OpenAI and Anthropic have announced their collaboration with the governments of the United States and the United Kingdom with the aim of strengthening the security of their language models. Through a series of initiatives, the two companies are allowing government researchers to assess the vulnerability of their systems to potential cyber attacks.
A noble end that has more behind it than it seems
In recent posts on their blogs, OpenAI and Anthropic revealed that they have been working with the National Institute of Standards and Technology (NIST) and the UK AI Safety Institute. This cooperation includes access to models, classifiers, and training data, allowing independent experts to examine the resilience of these models against external attacks and their effectiveness in preventing ethically questionable uses.

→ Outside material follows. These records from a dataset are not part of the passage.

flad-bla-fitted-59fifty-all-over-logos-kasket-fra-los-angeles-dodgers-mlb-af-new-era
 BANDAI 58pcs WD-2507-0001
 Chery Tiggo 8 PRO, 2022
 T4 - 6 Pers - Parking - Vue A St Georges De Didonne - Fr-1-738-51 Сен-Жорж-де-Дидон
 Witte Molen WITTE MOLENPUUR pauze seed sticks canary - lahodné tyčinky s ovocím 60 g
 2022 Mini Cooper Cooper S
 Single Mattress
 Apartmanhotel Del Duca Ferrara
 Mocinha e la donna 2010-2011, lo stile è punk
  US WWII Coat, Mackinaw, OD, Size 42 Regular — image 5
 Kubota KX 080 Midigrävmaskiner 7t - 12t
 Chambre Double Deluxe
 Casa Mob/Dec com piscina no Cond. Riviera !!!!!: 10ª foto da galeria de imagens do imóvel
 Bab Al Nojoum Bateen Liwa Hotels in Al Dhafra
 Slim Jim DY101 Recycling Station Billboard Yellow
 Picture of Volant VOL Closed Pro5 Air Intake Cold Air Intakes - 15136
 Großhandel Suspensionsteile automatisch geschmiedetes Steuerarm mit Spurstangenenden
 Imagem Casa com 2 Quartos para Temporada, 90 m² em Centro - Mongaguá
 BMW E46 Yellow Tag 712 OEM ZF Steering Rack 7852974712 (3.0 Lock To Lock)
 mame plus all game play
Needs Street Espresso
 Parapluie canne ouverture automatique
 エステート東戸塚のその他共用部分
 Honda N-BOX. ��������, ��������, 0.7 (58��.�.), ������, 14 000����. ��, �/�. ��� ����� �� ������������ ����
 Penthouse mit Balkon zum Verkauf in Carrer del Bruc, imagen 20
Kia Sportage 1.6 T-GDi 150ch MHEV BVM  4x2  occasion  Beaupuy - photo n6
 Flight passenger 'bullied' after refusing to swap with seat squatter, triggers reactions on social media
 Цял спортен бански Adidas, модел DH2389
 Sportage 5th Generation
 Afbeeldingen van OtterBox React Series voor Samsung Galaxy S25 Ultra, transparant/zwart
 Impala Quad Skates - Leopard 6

OpenAI identified critical vulnerabilities that could allow sophisticated attackers to take control of computer systems and impersonate users, with a success rate of 50% in an AI hijacking method. Although engineers initially believed these vulnerabilities were irrelevant, the research showed that their combination with hijacking techniques could be effective.
Both OpenAI and Anthropic are implementing “red-teaming” processes to quickly identify and fix these vulnerabilities, aiming to prevent the misuse of their technology. However, some security experts have expressed concern that this collaboration could lead to a decrease in attention to technical security, due to increased competitiveness in the global market.
However, researchers like Md Raz, a PhD student at New York University, argue that the models are becoming more resilient and harder to breach with each new version, suggesting a more rigorous approach to security in the latest developments like GPT-5.